During 2025, Serbia’s IT industry remained one of the strongest pillars of the national economy, continuing to deliver robust export growth, stable foreign-currency inflows, and a decisive contribution to the country’s services trade surplus. Data for the first ten months of the year indicate that exports of IT services reached approximately €3.7 billion, representing around 12 percent growth year-on-year, while the sector generated a trade surplus approaching €3 billion. Final figures for the full year are expected to confirm another all-time high in export value and overall turnover.
Despite these headline numbers, which continue to position IT as Serbia’s single most important export-oriented services sector, an increasing number of analysts and industry executives are questioning the medium-term sustainability of this growth trajectory. The debate is no longer about whether the sector is strong, but whether its current structure can support the pace of expansion achieved over the past decade.

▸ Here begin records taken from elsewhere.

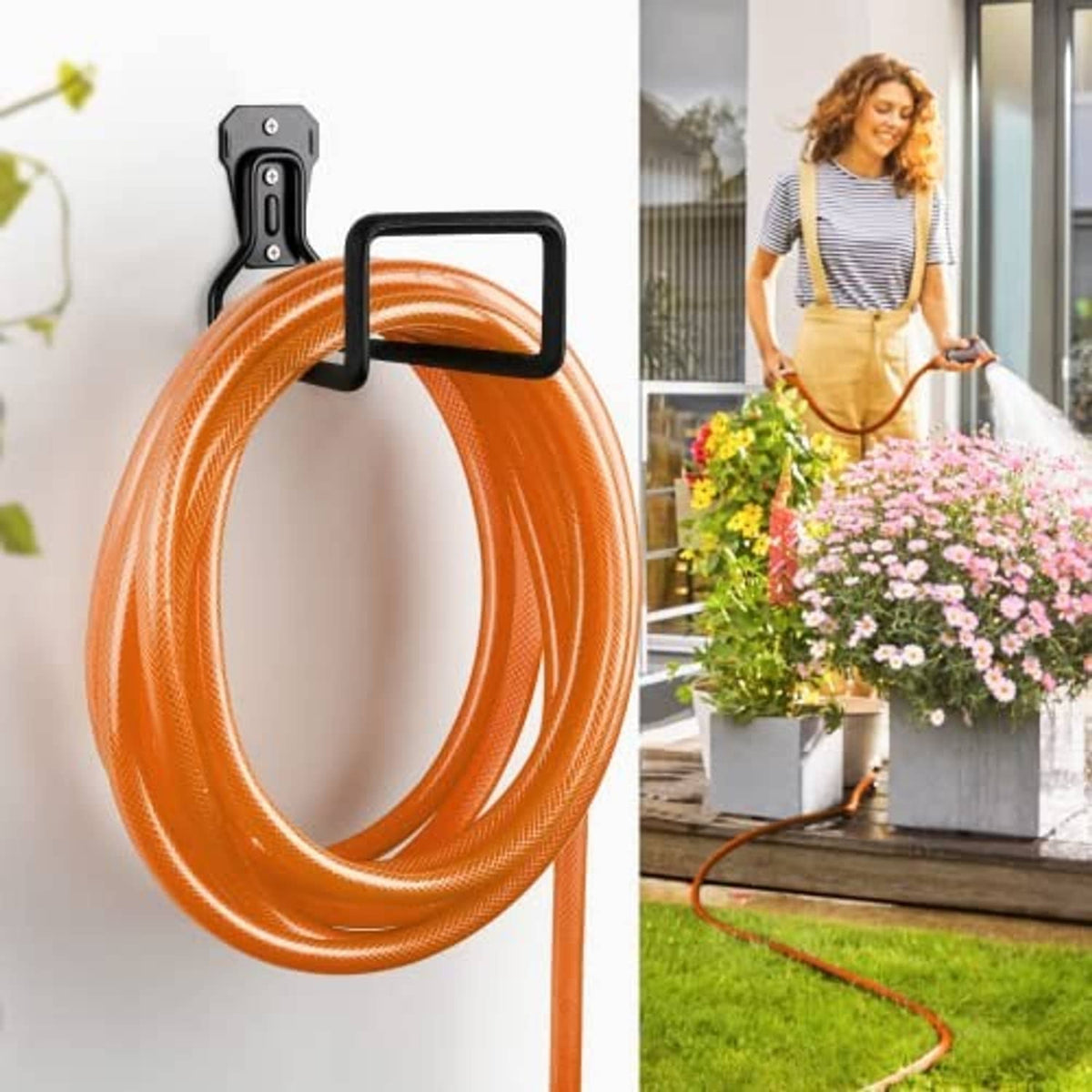 Wall-mounted black hose holder securing an orange hose loop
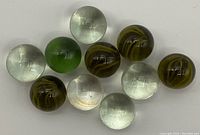 Ten glass marbles shown in a group including multiple swirl pattern marbles, clear marbles, and one green marble.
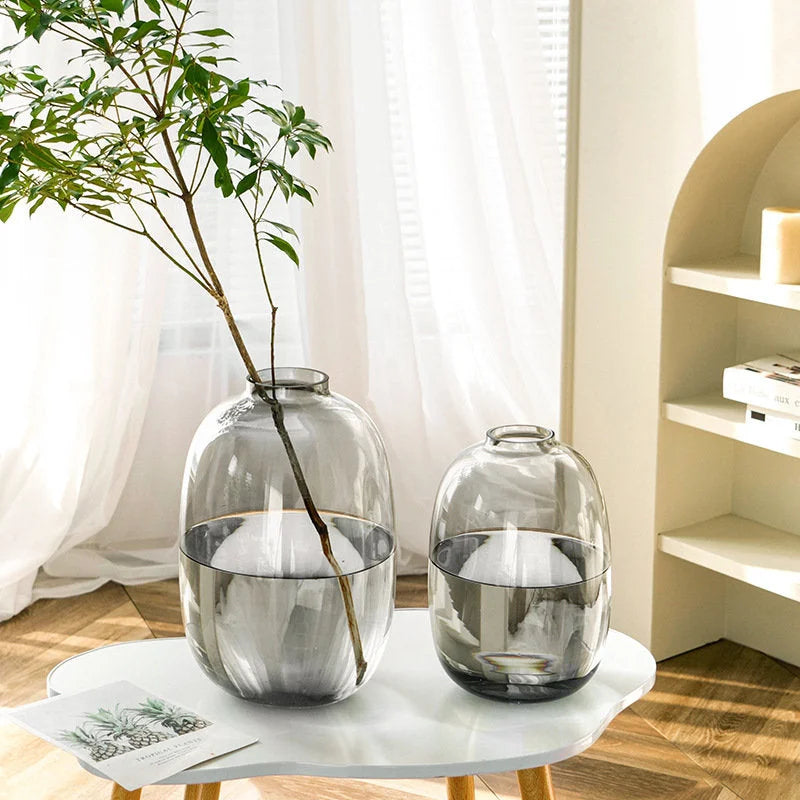 Lifestyle shot of two smoky grey glass vases on a modern white coffee table in a bright living room. - RoomDen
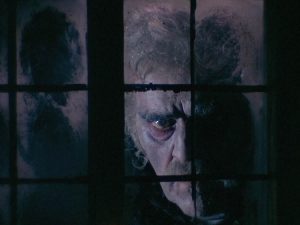 Un vieil homme au teint pâle et aux traits cadavériques regardent d'un air sombre à travers une fenêtre sale, scène de nuit du film Les Wurdulaks de Mario Bava.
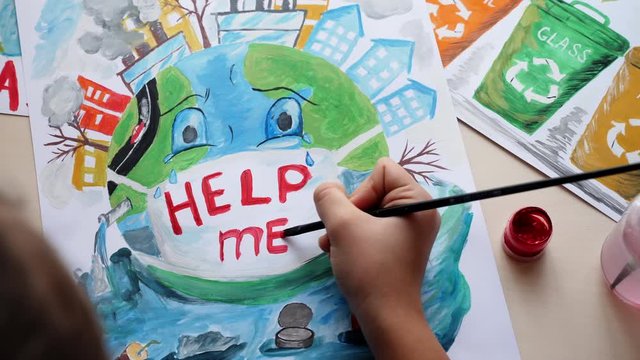 Concept save our planet. Top view of a young girl paints posters calling to save planet Earth from pollution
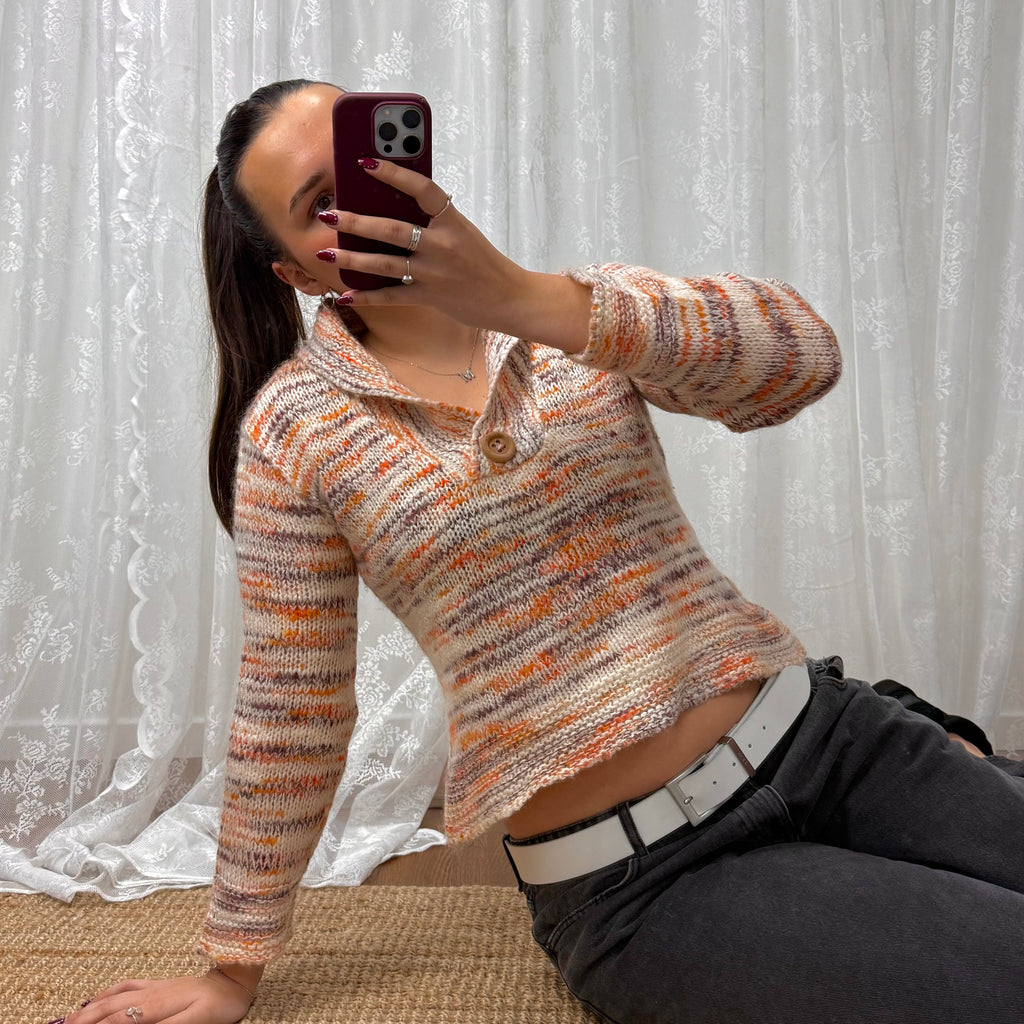 Orange and white patterned knit sweater with button up collar detail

One of the central structural vulnerabilities lies in the composition of the industry itself. A substantial share of Serbian IT revenues is still generated through outsourcing and near-shoring models, heavily dependent on demand from clients in the United States and the European Union. As technology budgets in these markets have come under pressure due to tighter monetary policy, reduced venture capital funding, and corporate cost rationalisation, Serbian service providers have felt the effects through slower project pipelines and more cautious client behaviour. What was once a near-automatic growth engine now requires far more active portfolio management, diversification of client bases, and clearer value propositions.
Labour market dynamics reflect this shift. After years of rapid employment expansion, the sector has entered a phase of selective hiring and internal consolidation. Companies are prioritising senior engineers, domain specialists, and staff with strong product or platform experience, rather than expanding headcount indiscriminately. This marks a transition away from growth driven primarily by workforce scaling, toward a model focused on productivity, margins, and long-term client retention.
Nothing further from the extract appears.